Virtual Population Data
Virtual Population Data
Section titled “Virtual Population Data”To get CSV files containing the Virtual Population datasets click on Generate Data in the Virtual Data section of the project. Once the data has been generated click on Download and save the resulting files.
What’s included in the Virtual Population Data
A separate file is generated for each simulation and for each scenario. For example, 500 simulations with 5 scenarios will generate a total of 2500 csv files. A master file, called “MANIFEST.csv” is also produced which holds the key to each of the generated files. For the example of 500 simulations with 5 scenarios the master file will contain 2500 rows where each row contains the filename for a unique simulation and for one scenario.
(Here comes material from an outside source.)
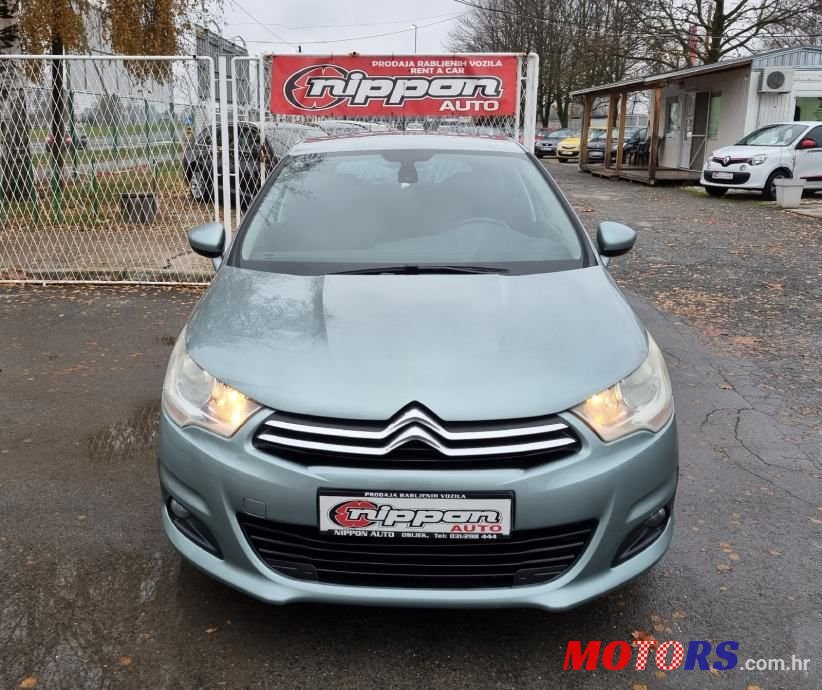 2011' Citroen C4 1,6 Hdi photo #2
This information can then be merged with the file containing the simulated data and used for analysis outside of KerusCloud. To enable this, a file containing variable metadata called “METADATA.json” has been provided which details variable parameters and any advanced options and estimand strategies
How is each simulation file composed?
Each data file contains N rows per Group * Recruitment Sites where N is the Max Cohort Size for the Virtual Population. The downloaded data files contain the variable values after Advanced Options and Estimands have been applied. It should be noted that where any Imputation or Estimand replacement strategies involve calculations on the observed data (e.g. replacement with the mean of a variable) then the replacement values in the downloaded data may differ from those calculated for different sample sizes and allocations, as a result of the calculations being evaluated on different subjects. This may need to be considered if custom analysis is performed on the downloaded data.